Innsbruck, 27. February 2010
Club Dialog 1 – SCREENING - local, regional, (inter-)national
Univ.- Prof. Dr. Buchberger, MSc, TILAK and University-Hospital Innsbruck, Prim. Dr. Hans Concin, LKH Bregenz, department of gynaecology, and Dr. Wilhelm Oberaigner, Tumorregister Tirol, were discussing the advances, chances but also the riscs of medical screening.

Screening is about investigation in healthy patients with the aim of reduction in mortality. Therefore there are a few approaches towards screening.

First it has to be distinguished between opportunistic and organised screening. Organised screening means to invite healthy patients in order to screen but not examin these in certain diseases.

Here, organised screening is definetly the prefered one. It is simply the more effective way of screening although it produces higher costs and a certain infrastructure is required.

To fullfill the needs of sufficient screening there are a few requirements: First, standards of quality have to be met (a certain number of examinations per year, training of the medical experts, technical standards, independent evaluation and controlling).

Secondly, methods have to be reproducible whoever wherever is examining with a high sensitivity and high specifity*.
Then, the method should be widely accepted by the patients as well: e.g. not too invasive, so the patient follows the invitation to the examination, e.g.: the PAP–screening in order to reduce mortality in cervical cancer- it is simply a smear in a routine gynaegolocical examination.

Hence, in Finland there is nearly no mortality in cervical cancer anymore due to sufficient screening! That is what screening is about!

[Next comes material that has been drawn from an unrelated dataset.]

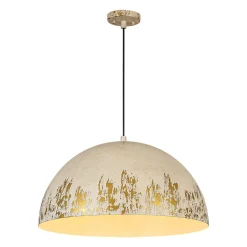 French Vintage Weathered Gilded Oversized Iron Dome Pendant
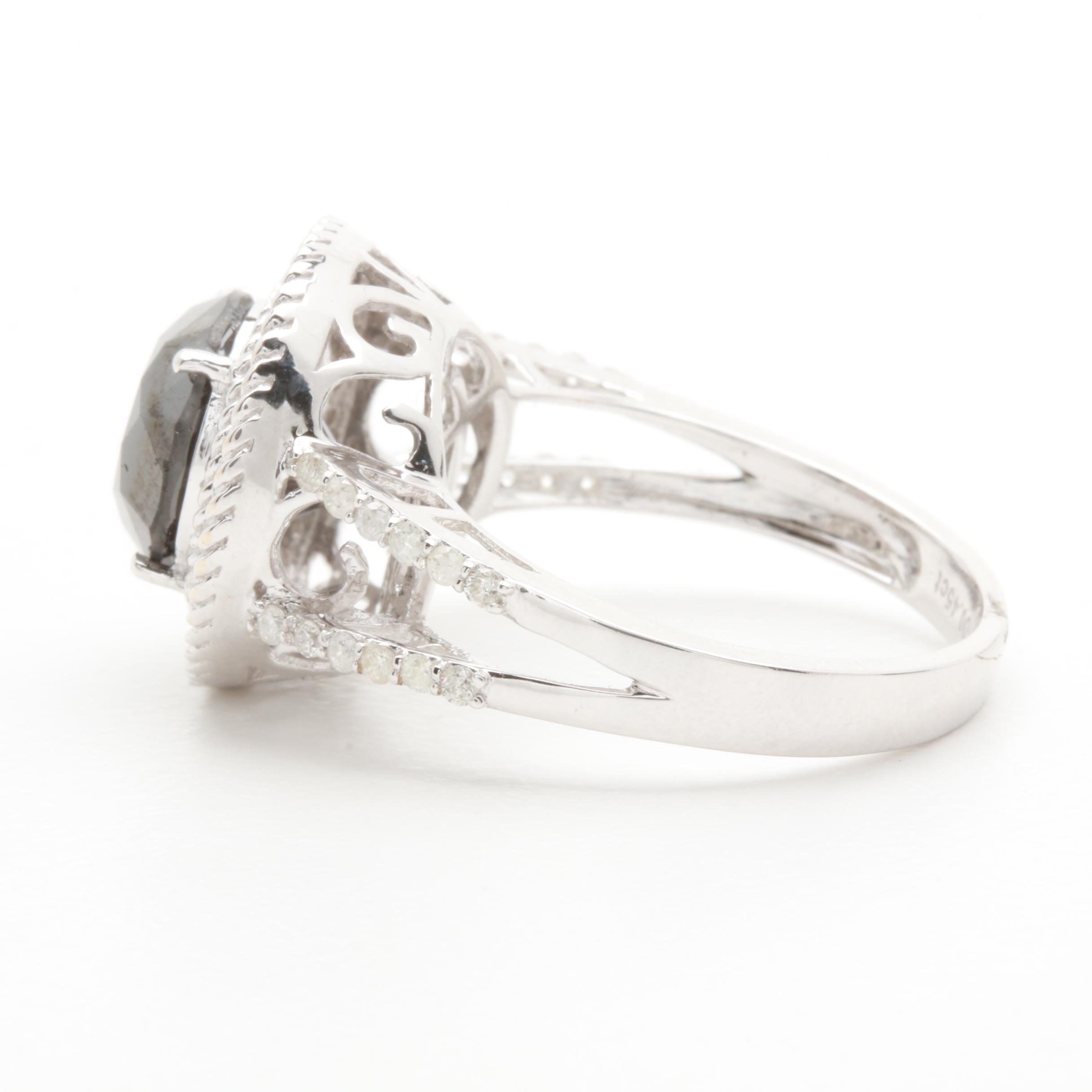 14K White Gold 4.29 CTW Black Diamond Ring with Diamond Accents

On the other hand screening badly is a risc as well. As mentioned, healthy patients are examined. In the screening of prostate cancer highly invasive methods are common (biopsy when PSA ist too high). The effectiveness is still to be debated, the follow-up for the patients momentous. Also the psychological burden during the process of screening in patients with “positive” test results should not be unmentioned. To refer to Prim. Concin: bad screening is a crime!
To establish a screening program or not is a political question at last and often related to EU-wide health policy. The costs of a screening program have to be justified by a significant reduction in mortality. Today, in the European Union screening in breast cancer, cervical cancer and cancer of the colon are widely accepted and highly recommended screening programs in certain ages.

To conclude, sufficient screening can reduce mortality in certain diseases to a minimum, but riscs and costs have to be kept in mind.